Participants were instructed not to change their diets in any significant way, but it happened anyway. Although this study did not examine the mechanism at work behind the changes, previous research has found that moderate exercise can reduce a preference for high-fat foods in animals through changes in dopamine levels. Several studies also have shown a relationship between the intensity of exercise and the amount of appetite-regulating hormones in the body.

“The process of becoming physically active can influence dietary behavior,” said Molly Bray, corresponding author of the paper and chair of the Nutritional Sciences department at UT Austin and a pediatrics faculty member at Dell Medical School. “One of the reasons that we need to promote exercise is for the healthy habits it can create in other areas. That combination is very powerful.”

Bray says what drives food-preference changes when people exercise would probably be consistent across a wide span of ages. The study examined people between the ages of 18 and 35, a period of young adulthood critical for forming healthy habits. Previous studies have found that considerable weight gain occurs during the college years and that being mildly to moderately overweight at age 20-22 increases the risk of obesity later in life.

“Many people in the study didn’t know they had this active, healthy person inside them,” Bray said. “Some of them thought their size was inevitable.
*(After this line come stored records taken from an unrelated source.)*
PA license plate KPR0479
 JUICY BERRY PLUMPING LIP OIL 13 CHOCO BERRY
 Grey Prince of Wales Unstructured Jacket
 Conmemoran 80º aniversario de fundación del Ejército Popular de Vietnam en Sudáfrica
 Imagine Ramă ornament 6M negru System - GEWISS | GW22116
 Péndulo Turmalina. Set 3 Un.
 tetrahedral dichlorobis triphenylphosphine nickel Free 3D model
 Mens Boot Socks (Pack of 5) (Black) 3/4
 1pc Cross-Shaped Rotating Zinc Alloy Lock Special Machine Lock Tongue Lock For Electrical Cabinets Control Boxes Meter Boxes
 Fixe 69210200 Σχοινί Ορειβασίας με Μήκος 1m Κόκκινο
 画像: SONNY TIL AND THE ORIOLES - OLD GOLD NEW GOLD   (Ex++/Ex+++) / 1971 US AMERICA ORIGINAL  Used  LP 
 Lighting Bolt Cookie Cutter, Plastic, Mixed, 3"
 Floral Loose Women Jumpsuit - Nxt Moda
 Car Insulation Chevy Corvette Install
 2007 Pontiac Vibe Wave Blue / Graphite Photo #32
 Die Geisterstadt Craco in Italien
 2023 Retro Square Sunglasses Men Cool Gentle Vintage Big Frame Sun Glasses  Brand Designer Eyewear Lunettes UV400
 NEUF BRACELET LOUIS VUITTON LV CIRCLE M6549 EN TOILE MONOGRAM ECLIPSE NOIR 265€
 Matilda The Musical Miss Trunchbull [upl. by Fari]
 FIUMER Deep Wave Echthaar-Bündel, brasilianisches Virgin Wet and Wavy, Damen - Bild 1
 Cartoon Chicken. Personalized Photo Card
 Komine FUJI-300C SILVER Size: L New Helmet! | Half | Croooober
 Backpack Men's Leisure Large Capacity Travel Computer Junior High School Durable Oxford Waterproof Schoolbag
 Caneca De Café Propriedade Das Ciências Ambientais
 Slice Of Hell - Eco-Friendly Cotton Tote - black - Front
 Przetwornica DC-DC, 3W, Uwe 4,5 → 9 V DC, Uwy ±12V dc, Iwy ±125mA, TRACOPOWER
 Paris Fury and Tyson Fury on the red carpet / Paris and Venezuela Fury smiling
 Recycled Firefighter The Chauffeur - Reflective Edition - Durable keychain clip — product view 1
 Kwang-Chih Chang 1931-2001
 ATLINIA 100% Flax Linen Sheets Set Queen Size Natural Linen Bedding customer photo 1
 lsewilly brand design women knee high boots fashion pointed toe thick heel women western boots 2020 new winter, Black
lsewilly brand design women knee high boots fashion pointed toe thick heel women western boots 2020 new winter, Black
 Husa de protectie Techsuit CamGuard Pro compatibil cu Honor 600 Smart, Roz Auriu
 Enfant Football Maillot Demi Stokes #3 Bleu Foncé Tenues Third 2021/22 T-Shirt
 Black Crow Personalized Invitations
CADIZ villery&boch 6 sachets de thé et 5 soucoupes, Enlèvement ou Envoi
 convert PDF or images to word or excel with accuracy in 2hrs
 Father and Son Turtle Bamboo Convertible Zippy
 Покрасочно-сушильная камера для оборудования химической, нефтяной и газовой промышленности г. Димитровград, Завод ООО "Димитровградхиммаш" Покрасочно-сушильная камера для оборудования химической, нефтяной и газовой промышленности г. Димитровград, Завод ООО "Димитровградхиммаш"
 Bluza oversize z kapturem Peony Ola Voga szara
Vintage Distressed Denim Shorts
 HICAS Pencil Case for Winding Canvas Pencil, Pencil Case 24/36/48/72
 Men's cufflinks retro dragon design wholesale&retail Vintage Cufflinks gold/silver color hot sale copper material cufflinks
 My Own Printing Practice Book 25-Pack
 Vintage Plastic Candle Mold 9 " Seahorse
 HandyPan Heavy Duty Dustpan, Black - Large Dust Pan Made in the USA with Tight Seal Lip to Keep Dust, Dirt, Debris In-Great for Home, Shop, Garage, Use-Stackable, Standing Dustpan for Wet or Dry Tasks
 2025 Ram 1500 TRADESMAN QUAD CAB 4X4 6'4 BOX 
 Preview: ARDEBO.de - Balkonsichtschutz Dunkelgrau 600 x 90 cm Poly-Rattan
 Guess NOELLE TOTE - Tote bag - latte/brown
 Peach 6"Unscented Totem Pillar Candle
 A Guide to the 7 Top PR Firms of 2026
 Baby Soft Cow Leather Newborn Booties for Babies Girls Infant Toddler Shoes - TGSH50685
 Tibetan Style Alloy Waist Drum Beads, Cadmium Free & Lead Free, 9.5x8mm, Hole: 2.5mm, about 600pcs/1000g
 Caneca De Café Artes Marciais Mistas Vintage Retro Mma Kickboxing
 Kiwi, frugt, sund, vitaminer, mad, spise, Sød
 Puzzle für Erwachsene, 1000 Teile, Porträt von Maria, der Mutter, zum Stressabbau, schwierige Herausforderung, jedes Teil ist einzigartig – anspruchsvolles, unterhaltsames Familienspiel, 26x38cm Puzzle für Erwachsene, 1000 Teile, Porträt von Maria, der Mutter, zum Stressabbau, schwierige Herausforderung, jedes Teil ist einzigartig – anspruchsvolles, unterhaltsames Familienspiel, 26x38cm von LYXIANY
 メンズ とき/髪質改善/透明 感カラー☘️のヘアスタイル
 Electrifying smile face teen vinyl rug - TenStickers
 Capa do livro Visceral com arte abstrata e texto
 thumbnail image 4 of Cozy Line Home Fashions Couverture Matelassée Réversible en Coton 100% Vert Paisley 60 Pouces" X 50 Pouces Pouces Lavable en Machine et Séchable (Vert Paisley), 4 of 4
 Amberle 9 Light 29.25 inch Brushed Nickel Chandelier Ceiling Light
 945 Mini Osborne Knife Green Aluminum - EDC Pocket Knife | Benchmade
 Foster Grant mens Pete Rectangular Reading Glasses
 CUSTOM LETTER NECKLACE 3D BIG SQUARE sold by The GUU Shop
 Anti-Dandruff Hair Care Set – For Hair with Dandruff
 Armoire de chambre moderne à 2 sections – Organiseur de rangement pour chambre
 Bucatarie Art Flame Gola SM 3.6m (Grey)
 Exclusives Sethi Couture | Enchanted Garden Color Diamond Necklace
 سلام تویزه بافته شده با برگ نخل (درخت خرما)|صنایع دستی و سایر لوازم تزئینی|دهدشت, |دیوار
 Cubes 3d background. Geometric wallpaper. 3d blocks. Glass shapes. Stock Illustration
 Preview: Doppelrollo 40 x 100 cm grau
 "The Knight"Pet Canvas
For many of these young people, they are choosing what to eat and when to exercise for the first time in their lives.”

The participants in the study were students at the University of Houston and the University of Alabama at Birmingham. Participants who said they exercised less than 30 minutes a week at the beginning of the study started 30-minute aerobic workouts three times a week for 15 weeks, with instructions not to change their diet in any significant way. The exercise sessions consisted of 30 minutes of aerobic exercise at 65-85 percent of the person’s age- and gender-specific maximum heart rate, along with a 5-minute warmup and a 5-minute cool down. Participants wore heart-rate monitors and could choose from a variety of exercise types, such as on stationary bikes, treadmills or elliptical machines.